Semantic video metadata: making MP4s discoverable in 2026
VideoObject schema, WebVTT chapters, MP4 atom metadata, and the YouTube data layer — a 2026 guide to making your videos discoverable, accessible, and machine-readable.
A confession: at HyperFrames, we shipped video output for a year before we thought seriously about metadata. The MP4 came out, the bytes were correct, the visual fidelity was right, and we called it done. Then we started actually distributing video — to social platforms, to our own site, to customers who in turn distributed it — and discovered how much unstructured information lives in and around a video file.
In 2026 this matters more than it used to. Search engines, social platforms, AI assistants, and accessibility tools all read video metadata. They read different parts of it. They read it from different places. Getting any of this right requires understanding the whole stack — from schema.org markup on the embedding page, through WebVTT tracks for captions and chapters, down into the binary metadata atoms of the MP4 itself.

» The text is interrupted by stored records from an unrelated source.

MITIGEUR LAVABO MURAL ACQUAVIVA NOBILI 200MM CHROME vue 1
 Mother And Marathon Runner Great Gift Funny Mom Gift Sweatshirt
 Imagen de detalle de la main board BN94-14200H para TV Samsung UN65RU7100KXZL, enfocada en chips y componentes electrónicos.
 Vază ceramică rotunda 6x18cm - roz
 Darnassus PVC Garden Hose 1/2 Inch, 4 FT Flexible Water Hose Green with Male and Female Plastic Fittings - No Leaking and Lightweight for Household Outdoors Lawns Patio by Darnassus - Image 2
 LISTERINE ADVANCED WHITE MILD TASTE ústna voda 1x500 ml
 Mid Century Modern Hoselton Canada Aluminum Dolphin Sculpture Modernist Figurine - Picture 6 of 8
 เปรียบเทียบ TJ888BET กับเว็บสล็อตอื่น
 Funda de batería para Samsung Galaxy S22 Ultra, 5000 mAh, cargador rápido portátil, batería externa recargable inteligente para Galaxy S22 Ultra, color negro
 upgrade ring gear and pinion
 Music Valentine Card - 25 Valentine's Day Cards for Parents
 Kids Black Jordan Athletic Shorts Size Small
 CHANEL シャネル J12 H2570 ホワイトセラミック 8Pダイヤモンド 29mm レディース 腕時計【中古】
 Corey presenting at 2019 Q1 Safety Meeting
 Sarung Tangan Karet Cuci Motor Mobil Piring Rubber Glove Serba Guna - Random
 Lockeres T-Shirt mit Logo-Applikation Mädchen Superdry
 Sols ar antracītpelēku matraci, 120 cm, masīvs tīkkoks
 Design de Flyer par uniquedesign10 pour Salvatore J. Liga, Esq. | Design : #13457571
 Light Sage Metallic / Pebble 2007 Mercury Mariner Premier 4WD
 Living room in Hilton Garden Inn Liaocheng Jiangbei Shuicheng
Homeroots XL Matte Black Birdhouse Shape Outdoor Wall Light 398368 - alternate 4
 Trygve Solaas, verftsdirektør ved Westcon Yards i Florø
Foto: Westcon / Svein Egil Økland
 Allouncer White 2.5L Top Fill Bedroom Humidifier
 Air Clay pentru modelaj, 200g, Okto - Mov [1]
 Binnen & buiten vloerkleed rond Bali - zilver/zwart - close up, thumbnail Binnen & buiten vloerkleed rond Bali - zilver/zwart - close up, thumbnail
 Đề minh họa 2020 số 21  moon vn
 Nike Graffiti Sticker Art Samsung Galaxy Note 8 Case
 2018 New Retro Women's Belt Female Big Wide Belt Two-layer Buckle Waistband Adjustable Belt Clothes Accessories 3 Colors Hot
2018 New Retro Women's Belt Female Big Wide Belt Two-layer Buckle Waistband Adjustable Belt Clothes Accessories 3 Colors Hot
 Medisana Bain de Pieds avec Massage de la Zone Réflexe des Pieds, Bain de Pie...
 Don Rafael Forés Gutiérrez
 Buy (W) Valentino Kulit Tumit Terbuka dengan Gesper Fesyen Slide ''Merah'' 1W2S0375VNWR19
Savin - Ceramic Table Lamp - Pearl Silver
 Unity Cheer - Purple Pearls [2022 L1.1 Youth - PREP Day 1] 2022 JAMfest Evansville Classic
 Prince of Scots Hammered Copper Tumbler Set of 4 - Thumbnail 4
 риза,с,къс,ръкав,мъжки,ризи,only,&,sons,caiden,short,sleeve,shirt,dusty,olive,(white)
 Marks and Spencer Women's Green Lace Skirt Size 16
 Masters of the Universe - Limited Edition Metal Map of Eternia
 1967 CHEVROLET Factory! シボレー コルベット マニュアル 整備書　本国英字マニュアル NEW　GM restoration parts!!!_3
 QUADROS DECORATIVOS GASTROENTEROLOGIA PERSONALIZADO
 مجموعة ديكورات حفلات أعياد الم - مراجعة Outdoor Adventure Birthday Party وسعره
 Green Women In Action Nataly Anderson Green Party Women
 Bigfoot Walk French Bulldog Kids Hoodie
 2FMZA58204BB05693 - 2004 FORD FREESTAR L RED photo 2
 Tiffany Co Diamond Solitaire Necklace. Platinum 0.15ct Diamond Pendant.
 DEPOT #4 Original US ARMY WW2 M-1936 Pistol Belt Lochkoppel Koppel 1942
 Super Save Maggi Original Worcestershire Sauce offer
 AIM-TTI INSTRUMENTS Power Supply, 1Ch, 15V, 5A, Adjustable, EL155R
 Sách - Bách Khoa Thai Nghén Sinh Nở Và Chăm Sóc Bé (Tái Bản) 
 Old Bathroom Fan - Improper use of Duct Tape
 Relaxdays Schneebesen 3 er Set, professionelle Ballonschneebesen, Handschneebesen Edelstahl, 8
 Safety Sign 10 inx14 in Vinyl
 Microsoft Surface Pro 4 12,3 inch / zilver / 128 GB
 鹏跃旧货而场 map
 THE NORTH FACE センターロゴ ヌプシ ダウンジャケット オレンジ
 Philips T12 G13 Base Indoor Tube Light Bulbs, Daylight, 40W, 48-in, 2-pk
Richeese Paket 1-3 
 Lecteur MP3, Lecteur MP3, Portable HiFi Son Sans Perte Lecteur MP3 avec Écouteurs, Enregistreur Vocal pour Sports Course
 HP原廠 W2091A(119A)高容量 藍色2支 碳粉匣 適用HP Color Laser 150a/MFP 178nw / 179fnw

This post is the field guide I wish I had read 18 months ago.
The four layers of video metadata
Before we go deep, here is the mental model. Every video on the modern web has metadata at four layers, and each is read by a different set of consumers.
- Page-level structured data (JSON-LD, VideoObject). Read by Google, Bing, social previews, AI search assistants. Lives on the HTML page that embeds the video.
- Sidecar text tracks (WebVTT for captions, chapters, descriptions). Read by browsers (
<track>element), screen readers, video players, YouTube, and AI transcription/translation tools. - Container-level metadata (MP4 atoms —
udta,©nam,meta). Read by file managers, media players, content management systems. Survives re-uploading and re-embedding more reliably than the page-level data. - Embedded captions and burned-in text. Read by humans, and by OCR-based AI pipelines. The least structured, sometimes the most durable.
Most teams get layer 1 right (it is well-documented) and ignore the rest. That is a missed opportunity. The interesting use cases of 2026 — AI assistants summarizing your content, agentic systems indexing your video library, social platforms generating previews — read from layers 2 and 3 as much as from layer 1.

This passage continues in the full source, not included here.